= ACTIVITY =
Beginning with the line that has "4049009067795 - Wandtattoo" in it, transcribe the listing exactly through its final line, and add nothing.

========

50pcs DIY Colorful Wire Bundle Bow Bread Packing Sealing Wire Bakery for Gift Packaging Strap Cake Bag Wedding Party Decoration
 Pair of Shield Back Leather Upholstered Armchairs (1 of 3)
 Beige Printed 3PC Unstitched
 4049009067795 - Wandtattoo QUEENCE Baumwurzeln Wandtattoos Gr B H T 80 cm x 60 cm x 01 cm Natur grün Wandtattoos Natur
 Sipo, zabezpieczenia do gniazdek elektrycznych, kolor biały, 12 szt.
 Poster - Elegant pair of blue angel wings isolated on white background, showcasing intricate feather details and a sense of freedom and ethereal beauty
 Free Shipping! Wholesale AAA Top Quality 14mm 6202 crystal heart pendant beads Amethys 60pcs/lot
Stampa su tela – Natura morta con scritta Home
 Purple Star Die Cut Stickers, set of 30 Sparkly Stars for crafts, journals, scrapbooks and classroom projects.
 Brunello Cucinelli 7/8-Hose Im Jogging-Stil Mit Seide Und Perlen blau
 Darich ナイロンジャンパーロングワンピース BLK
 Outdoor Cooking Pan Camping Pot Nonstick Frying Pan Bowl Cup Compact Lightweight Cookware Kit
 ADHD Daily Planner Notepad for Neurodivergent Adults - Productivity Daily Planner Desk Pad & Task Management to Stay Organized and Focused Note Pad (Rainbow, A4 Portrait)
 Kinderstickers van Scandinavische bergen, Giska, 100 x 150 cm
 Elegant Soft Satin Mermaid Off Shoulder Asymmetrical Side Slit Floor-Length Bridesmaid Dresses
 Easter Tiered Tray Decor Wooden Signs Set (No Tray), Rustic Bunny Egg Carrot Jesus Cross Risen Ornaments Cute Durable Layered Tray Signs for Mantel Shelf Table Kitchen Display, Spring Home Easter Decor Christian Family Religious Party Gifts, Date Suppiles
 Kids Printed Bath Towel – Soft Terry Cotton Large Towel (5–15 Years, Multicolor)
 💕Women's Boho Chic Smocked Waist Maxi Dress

========

= RESPONSE TO THE EXERCISE =
 4049009067795 - Wandtattoo QUEENCE Baumwurzeln Wandtattoos Gr B H T 80 cm x 60 cm x 01 cm Natur grün Wandtattoos Natur
 Sipo, zabezpieczenia do gniazdek elektrycznych, kolor biały, 12 szt.
 Poster - Elegant pair of blue angel wings isolated on white background, showcasing intricate feather details and a sense of freedom and ethereal beauty
 Free Shipping! Wholesale AAA Top Quality 14mm 6202 crystal heart pendant beads Amethys 60pcs/lot
Stampa su tela – Natura morta con scritta Home
 Purple Star Die Cut Stickers, set of 30 Sparkly Stars for crafts, journals, scrapbooks and classroom projects.
 Brunello Cucinelli 7/8-Hose Im Jogging-Stil Mit Seide Und Perlen blau
 Darich ナイロンジャンパーロングワンピース BLK
 Outdoor Cooking Pan Camping Pot Nonstick Frying Pan Bowl Cup Compact Lightweight Cookware Kit
 ADHD Daily Planner Notepad for Neurodivergent Adults - Productivity Daily Planner Desk Pad & Task Management to Stay Organized and Focused Note Pad (Rainbow, A4 Portrait)
 Kinderstickers van Scandinavische bergen, Giska, 100 x 150 cm
 Elegant Soft Satin Mermaid Off Shoulder Asymmetrical Side Slit Floor-Length Bridesmaid Dresses
 Easter Tiered Tray Decor Wooden Signs Set (No Tray), Rustic Bunny Egg Carrot Jesus Cross Risen Ornaments Cute Durable Layered Tray Signs for Mantel Shelf Table Kitchen Display, Spring Home Easter Decor Christian Family Religious Party Gifts, Date Suppiles
 Kids Printed Bath Towel – Soft Terry Cotton Large Towel (5–15 Years, Multicolor)
 💕Women's Boho Chic Smocked Waist Maxi Dress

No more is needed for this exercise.